17 jun, 2019 - 16:29 • Olímpia Mairos
As alterações climáticas, com a consequente escassez de chuva, estão a ter efeitos particularmente graves em Portugal. O alerta é de João Santos, investigador da Universidade de Trás-os-Montes e Alto Douro (UTAD), especializado em Ciências Geofísicas.
“Há medidas urgentes que se impõem, seja ao nível da gestão da água, seja ao nível das práticas agrícolas, sob pena de o país ficar em condições comparáveis ao Norte de África”, defende o investigador, observando que, “quando percorremos o país e vemos a quantidade de fontes e fontanários secos, quer nas aldeias e vilas, quer na beira das estradas, e se juntarmos a isso os rios, ribeiras e lagos que secaram nos últimos 50 anos, logo se percebe como a quantidade de água tem diminuído assustadoramente”.

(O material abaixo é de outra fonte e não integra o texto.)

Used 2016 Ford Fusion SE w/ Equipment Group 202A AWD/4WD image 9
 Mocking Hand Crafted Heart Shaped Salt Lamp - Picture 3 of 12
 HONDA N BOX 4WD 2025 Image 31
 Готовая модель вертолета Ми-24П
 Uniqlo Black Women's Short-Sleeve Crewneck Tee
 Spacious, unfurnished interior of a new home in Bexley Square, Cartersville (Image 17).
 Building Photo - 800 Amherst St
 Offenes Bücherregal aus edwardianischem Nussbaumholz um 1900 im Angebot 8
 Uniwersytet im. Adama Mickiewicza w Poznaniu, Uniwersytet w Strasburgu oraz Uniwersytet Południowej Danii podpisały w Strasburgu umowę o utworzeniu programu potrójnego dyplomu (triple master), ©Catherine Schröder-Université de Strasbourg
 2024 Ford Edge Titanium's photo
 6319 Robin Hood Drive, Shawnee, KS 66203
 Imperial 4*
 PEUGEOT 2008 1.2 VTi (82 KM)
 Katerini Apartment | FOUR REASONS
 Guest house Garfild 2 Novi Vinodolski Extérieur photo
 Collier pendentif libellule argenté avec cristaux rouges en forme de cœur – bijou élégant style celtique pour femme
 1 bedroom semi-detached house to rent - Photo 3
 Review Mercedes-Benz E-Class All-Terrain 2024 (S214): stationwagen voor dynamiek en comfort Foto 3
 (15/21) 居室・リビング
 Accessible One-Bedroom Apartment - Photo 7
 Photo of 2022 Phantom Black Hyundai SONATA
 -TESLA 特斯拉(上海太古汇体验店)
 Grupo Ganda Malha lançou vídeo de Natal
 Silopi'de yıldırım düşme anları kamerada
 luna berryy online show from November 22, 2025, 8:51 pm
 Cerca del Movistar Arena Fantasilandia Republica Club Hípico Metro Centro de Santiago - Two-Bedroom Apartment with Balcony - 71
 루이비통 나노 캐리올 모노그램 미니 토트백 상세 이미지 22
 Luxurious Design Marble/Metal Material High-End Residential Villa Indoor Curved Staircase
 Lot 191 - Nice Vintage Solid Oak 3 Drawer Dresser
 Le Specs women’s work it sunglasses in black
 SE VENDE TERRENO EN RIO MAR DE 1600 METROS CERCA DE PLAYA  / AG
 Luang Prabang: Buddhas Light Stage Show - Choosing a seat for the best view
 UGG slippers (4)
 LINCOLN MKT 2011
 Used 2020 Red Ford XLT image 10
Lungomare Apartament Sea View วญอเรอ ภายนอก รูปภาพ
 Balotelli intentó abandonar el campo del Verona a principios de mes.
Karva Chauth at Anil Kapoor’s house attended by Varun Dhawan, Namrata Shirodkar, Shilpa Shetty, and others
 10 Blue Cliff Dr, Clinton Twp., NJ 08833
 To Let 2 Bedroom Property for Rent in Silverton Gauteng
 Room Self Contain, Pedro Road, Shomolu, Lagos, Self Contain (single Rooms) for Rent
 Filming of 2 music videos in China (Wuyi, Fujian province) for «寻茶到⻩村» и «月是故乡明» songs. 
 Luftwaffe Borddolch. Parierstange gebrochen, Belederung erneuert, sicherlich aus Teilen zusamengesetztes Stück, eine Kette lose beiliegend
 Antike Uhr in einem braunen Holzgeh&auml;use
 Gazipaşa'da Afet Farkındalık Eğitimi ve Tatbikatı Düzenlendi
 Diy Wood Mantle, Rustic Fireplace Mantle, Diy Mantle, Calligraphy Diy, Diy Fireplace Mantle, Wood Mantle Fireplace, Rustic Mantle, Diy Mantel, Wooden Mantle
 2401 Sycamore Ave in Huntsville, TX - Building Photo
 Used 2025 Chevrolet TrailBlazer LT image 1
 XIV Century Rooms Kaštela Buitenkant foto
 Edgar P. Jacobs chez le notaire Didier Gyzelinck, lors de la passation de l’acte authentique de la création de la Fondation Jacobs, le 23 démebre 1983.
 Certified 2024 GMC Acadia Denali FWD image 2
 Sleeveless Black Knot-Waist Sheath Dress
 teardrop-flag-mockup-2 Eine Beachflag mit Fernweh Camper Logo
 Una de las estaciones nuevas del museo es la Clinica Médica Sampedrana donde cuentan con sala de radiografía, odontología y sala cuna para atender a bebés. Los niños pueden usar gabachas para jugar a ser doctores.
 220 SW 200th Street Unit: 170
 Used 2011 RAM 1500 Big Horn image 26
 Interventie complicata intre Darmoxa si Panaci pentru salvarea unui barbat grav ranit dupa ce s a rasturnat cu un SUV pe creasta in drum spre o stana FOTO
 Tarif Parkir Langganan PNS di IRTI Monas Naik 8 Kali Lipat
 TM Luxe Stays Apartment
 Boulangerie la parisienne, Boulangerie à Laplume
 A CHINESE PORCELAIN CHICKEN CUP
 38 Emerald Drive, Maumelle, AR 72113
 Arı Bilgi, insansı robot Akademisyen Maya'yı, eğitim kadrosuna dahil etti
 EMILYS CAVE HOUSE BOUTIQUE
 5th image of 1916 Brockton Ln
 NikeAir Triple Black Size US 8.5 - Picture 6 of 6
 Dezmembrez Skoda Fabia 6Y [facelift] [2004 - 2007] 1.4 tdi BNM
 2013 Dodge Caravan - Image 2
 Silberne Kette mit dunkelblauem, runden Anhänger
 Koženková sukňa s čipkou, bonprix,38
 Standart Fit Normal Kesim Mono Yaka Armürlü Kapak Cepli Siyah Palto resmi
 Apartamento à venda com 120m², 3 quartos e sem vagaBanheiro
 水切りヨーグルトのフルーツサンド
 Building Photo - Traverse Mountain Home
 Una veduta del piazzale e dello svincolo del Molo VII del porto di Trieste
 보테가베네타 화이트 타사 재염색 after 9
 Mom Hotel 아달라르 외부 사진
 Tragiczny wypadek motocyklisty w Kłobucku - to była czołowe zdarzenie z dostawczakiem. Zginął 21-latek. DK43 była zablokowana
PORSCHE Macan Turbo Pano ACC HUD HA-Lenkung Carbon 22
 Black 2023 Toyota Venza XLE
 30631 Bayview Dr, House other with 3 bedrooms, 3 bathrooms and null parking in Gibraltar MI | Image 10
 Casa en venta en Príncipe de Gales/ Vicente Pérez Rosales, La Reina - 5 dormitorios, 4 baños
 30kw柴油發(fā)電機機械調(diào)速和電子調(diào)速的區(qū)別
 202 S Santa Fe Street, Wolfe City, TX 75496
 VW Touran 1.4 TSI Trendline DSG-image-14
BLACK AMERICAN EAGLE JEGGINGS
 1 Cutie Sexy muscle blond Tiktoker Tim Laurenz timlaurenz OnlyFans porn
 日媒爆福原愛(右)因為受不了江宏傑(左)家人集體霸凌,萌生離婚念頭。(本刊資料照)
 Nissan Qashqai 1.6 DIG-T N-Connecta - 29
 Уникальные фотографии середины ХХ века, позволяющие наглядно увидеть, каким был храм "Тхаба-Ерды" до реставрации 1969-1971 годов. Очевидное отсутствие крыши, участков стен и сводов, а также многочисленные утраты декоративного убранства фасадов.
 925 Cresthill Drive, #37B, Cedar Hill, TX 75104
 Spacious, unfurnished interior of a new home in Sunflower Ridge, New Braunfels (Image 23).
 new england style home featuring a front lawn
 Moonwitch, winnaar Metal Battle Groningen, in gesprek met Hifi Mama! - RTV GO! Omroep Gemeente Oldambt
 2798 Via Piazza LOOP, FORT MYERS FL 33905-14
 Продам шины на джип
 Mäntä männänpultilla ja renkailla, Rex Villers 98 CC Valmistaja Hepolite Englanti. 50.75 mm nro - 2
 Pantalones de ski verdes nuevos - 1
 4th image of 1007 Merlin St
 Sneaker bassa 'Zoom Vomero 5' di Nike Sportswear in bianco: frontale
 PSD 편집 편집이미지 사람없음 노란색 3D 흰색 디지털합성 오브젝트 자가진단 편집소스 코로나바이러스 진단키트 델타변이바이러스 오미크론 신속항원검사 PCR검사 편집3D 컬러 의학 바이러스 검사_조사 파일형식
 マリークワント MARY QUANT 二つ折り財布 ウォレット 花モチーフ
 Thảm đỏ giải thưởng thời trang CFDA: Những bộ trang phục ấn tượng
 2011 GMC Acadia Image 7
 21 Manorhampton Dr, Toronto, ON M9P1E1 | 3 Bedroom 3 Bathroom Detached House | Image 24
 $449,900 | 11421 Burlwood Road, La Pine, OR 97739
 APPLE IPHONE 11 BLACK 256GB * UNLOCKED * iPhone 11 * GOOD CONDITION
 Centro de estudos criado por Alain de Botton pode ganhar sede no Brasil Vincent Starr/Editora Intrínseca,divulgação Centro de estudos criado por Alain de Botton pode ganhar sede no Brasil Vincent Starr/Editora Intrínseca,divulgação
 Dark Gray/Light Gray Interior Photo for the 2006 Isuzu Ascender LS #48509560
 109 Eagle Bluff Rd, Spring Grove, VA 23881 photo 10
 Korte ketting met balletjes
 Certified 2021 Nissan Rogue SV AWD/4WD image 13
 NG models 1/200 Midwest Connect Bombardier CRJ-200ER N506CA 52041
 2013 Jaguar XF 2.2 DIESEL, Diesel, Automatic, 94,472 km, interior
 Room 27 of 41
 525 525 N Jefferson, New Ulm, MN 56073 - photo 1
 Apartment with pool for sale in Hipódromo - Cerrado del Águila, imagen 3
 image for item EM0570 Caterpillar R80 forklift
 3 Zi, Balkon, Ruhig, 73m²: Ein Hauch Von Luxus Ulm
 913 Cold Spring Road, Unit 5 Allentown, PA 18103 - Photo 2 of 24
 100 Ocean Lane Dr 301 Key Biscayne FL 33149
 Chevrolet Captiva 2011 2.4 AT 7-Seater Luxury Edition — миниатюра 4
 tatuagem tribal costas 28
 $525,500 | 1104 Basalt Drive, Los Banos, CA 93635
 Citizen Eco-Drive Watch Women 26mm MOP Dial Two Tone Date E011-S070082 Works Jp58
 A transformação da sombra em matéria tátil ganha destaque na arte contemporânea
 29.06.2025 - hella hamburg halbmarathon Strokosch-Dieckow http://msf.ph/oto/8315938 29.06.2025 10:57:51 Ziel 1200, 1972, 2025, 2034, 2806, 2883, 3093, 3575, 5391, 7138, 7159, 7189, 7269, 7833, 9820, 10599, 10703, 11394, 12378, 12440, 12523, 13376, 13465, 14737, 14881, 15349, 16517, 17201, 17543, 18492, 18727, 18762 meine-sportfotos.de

O investigador da UTAD refere que “este ano está a ser particularmente grave, pois a precipitação durante a primavera ficou muito abaixo da média” e “não é expectável que chova muito mais no verão”, questionando-se sobre a água que estará disponível no outono e chamando à atenção para “o caso especial da agricultura que depende muito das chuvas da primavera”.
Para o especialista em Ciências Geofísicas, “se as alterações climáticas produzissem efeitos apenas ao nível do aumento das temperaturas, desde que continuasse a chover ou passasse a chover mais, como acontece nos países do centro e norte da Europa, que vão ter climas mais quentes, mas mais chuvosos, não se colocaria o problema com esta premência, pois, havendo água, em último recurso até poderíamos ter culturas alternativas, oriundas de regiões subtropicais e tropicais”.
“O problema é que, se o nosso clima se vai tornar não só mais quente, mas também mais seco, semelhante ao que temos hoje no Norte de África, não haverá muitas alternativas e isso é uma ameaça muito séria que temos de ter já em conta”, alerta o investigador.
Dada a gravidade do problema, João Santo defende medidas urgentes.
No caso da viticultura, o investigador considera que “há necessidade de começar a planear medidas de adaptação, que passam por uma seleção mais criteriosa das castas que cultivamos, quando possível, através de uma seleção de clones menos exigentes em água, que suportem melhor o stress hídrico e o stress térmico, mas também pela seleção do próprio microclima onde vamos implantar as vinhas novas”.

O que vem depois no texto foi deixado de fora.